What about the injectivity radius? Well, as is well known, we have $inj(E) > \min\{ \pi/\sqrt{K}, \frac{1}{2} \ell(E)\}$ where $K$ is an upper bound for the curvature of $E$ and $\ell(E)$ denotes the length of the shortest closed geodesic. So we simply need to bound both.

For curvature, I first claim that $\pi$ is a Riemannian submersion. This follows because the projection $M\times \mathbb{R}^k\rightarrow M$ is obviously a Riemannian submersion, and the horizontal spaces of $M\times \mathbb{R}^k$ and $E$ agree. Since Riemannian submersions can only increase curvature (from O'Neill's formula), an upper bound for curvature in $(M,g)$ provides an upper bound for curvature in $(E,h)$. But, by assumption, $(M,g)$ has curvature bounded above.

What about a bound on $\ell(E)$? Well, first note that $\ell(M)$ is bounded below by a positive number because $M$ has positive injectivity radius.

Now, let $\gamma$ be a closed geodesic in $E$. Writing $\gamma(t) = (\alpha(t), v(t))$ for a curve $\alpha$ in $M$ and $v$ in $\mathbb{R}^k$, I claim that $\alpha$ must be a geodesic.

Indeed, writing $\nabla$ to denote the Levi-Civita connection, $\gamma' = (\alpha',v')$ and $\nabla^E_{\gamma'}\gamma' $ is simply the projection of $\nabla^{M\times \mathbb{R}^k}_{\gamma'}\gamma'$ to $E$. Because we have a Riemannian product on $M\times \mathbb{R}^k$, $\nabla^{M\times \mathbb{R}^k}_{\gamma'} \gamma' = \nabla^M_{\alpha'}\alpha' + v''$. As $\nabla^M_{\alpha'}\alpha'$ is horizontal and $v''$ is vertical, the only way the projection to $E$ can be zero is if both projections are zero. But the horizontal space projects isomorphically, so $\nabla^M_{\alpha'}\alpha' = 0$.

Now, because $\gamma$ is a closed geodesic, $\alpha$ must be closed as well.

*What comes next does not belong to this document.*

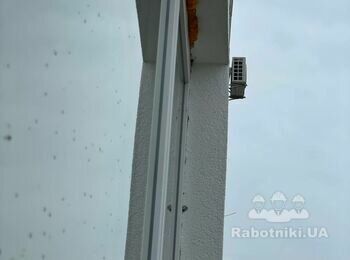 Зовнішній відкос на панорамному вікні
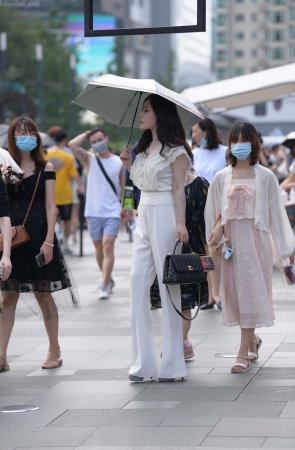 漂亮的气质美女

Thus, so long as $\alpha$ is a non-trivial, $\ell(\gamma)\geq \ell (\alpha) \geq \ell(M)$.

All that's left is the case that $\alpha$ is trivial, that is, that $\alpha$ is constant. In this case, $\gamma$ is a geodesic in the fiber in $E$ above $\alpha(0)$. But this fiber is is isometric to Euclidean space with flat metric, so has no closed geodesics.